Before tonight we would sign on to the Worldmark Site to access the RCI directly without having to sign on to RCI separately. Tried to do this tonight. Did not work. When I got to the RCI Page it wanted me to sign on separately. 

Anybody have any idea what is happening? Has RCI released or updated program/site.


----------



## samara64 (Jan 5, 2021)

Same here as well. Can not log in.

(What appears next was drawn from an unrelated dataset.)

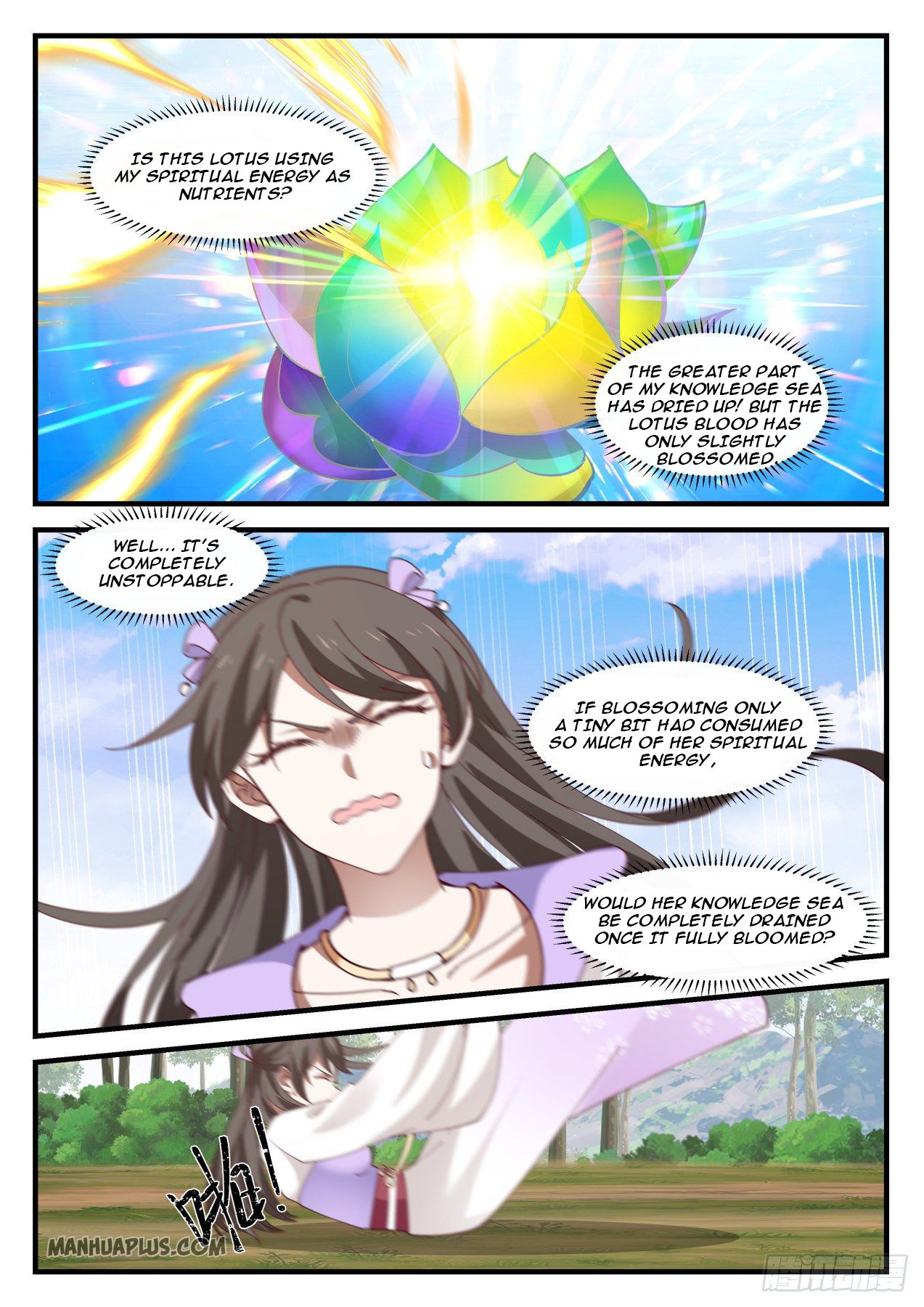 Martial Peak chapter 1188 page 10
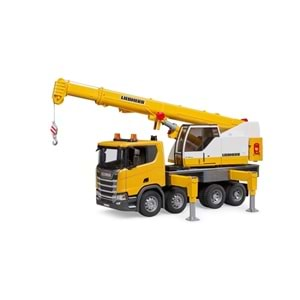 Bruder Scania 560R Liebherr Vinçli Kamyon BR03571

It may be one of Wyndham "very rare software glitches."


----------



## rhonda (Jan 6, 2021)

I can login through the Worldmark > RCI B2B ... but can only exchange my weeks already on deposit.  That is, I have no option for booking via WM credits?

Edited to add:  Oh, hmm.  FWIW, my pre-paid years of RCI expired on 12/31/2020; simultaneously my RCI Platinum expired.  Sometime late last year, I re-activated my auto-renewal through Grand Pacific Palisades at standard member level. I wonder if something is disconnected due to that change in my account status??

Edited 2nd time:  Tried again later and now I receive an error in the handoff between WM > RCI.  Cleared my browser cookies for Worldmarktheclub.com and RCI.com and am, once again, successfully logged into RCI from the WM B2B portal.  My account page shows I'm good through 12/31/20*21*.  So that should be good ... but cannot find a means to trade WM credits through this login. ???


			
				Error received before clearing cookies said:
			
		

> *HTTP Status 405 – Method Not Allowed*
> *Type* Status Report
> 
> *Message* Request method 'POST' not supported
> ...


----------



## Firepath (Jan 6, 2021)

It didn't work for me yesterday or all day today. Hopefully someone will post if it works for them.


----------



## GregT (Jan 7, 2021)

It didn’t work for me yesterday but was operational today.  I hope others can report the same?

Best,

Greg


----------



## geist1223 (Jan 8, 2021)

Now working for us.


----------



## Firepath (Jan 8, 2021)

Working for me also.


----------



## rhonda (Jan 8, 2021)

Ditto!  Working for me, too!  Thanks all!


----------



## samara64 (Jan 8, 2021)

They fixed it. Took only 4 days. Amazing.


----------